Rolling her eyes, Indie scoured the crack with a small piece of sandpaper she located on top of her daddy’s rolling toolkits. Being back in the shop with her father almost made up for the hell she’d endured at her mother’s house, but he was awfully keen to bring up Luke at every available opportunity. What was that all about?
“You left out half of the story, Indie Jane.”
“No, I didn’t. She gave me that book. I threw it on the counter. Oh, I also tried to scalp the mayor, got into it with Tucker Kilroy, who I cannot believe Mel is marrying, and had to put on a dress. That alone should earn me my bad mood.”
“Well, alrighty then, you go right on and be in a bad mood. I love ya anyway, but I also want to know what made my little girl cry.”
“Nothing made me cry. I wouldn’t give Mama the satisfaction. Dust must’ve gotten in my eyes or something. But you know how I get coming back here. I think I hate it, but then I’m here with you in the shop and I love it again. Maybe I have multiple personalities or something. I should probably see a shrink.”
“If I know my girl, and I do, I’d say you saw … Mr. Camden, maybe?”
Indie scrubbed the sandpaper over the engine with more vigor.
“Mmm hmm, wondered when the two of you would run into one another.”
“I didn’t see him, see him. I saw him on the elementary school playground. He was with a little boy.”
Her father’s face fell. Empathy warmed his hazel eyes. “Oh baby girl, that what got you upset? I ‘spect that was Austin’s stepson, J.J. Austin got married last December after he won the PBR buckle. His wife had another baby back in March.”
“It wouldn’t matter if Luke is his daddy. None of my business. I don’t care.”
“You are good at a helluva lot of things, Indie Jane. Lying sure as heck ain’t one of ‘um.”
She felt her face heat as she worked her jaw. Her daddy had always been able to see right through her anyway. No use in arguing. That thought
struck her as odd. She loved to argue with most anyone, her mother being her favorite target. Maybe she wanted to argue until she felt like her mother understood her, accepted her … loved her the way her daddy did.
“So, it does matter. Matters to my girl. Matters to Luke, and you care a mighty lot. What I can’t quite figure is why the two of you fight so hard to stay apart ‘til you just can’t stand it anymore, and then you go flying into his bed, but you won’t admit to the other that it still matters more than anything else.”

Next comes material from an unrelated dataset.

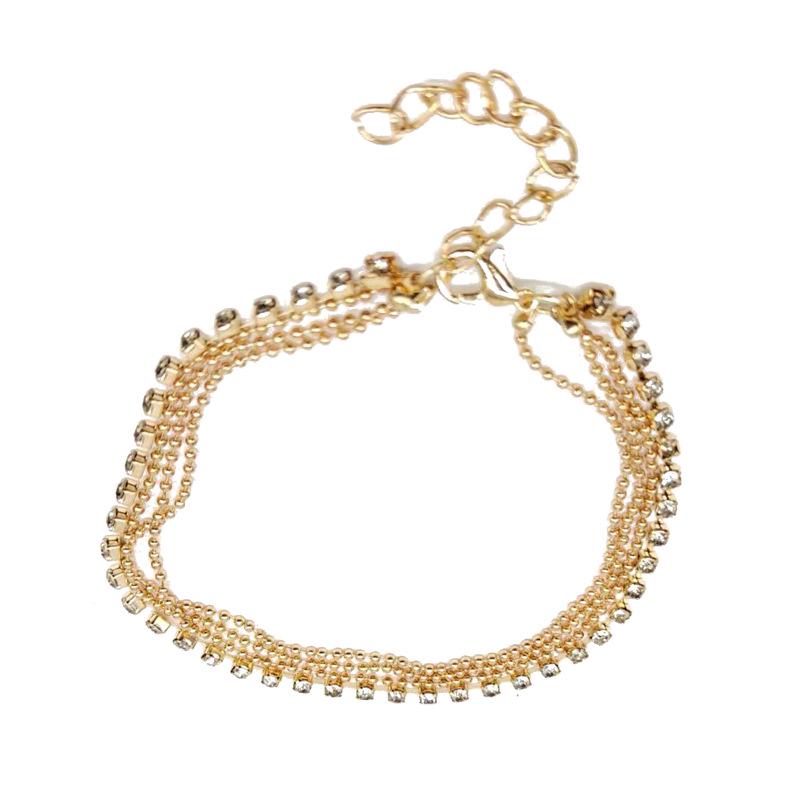Trendy Summer Multi-Layer Metal & Bead Chain Anklet with Flash Diamonds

Tossing the sandpaper away, she dusted off her hands. “How do you know it still matters to him?”
“Same way I know sun’s gonna rise early tomorrow mornin’. Same way I know Nebraskan winds gonna keep right on blowin’. Way I know when a storm’s riding in on that same wind. Same way I know you’re gonna have no fewer than a half dozen blow-ups with your mama and the mayor ‘bout this blessed wedding. Same way I know you’re pissed about Melony taking up with Tuck Kilroy because of the way he acted in high school, and you can’t quite admit to yourself that all of ya have grown up a little bit between now and then. And the very same way I know some things are meant to be and that me saying that is gonna make you huffy.”
“I ain’t huffy, and why are Mama and I gonna keep fighting about the wedding?”
“Your mother thinks Melony ought to ask me if it’d be okay if the mayor walked her down the aisle.”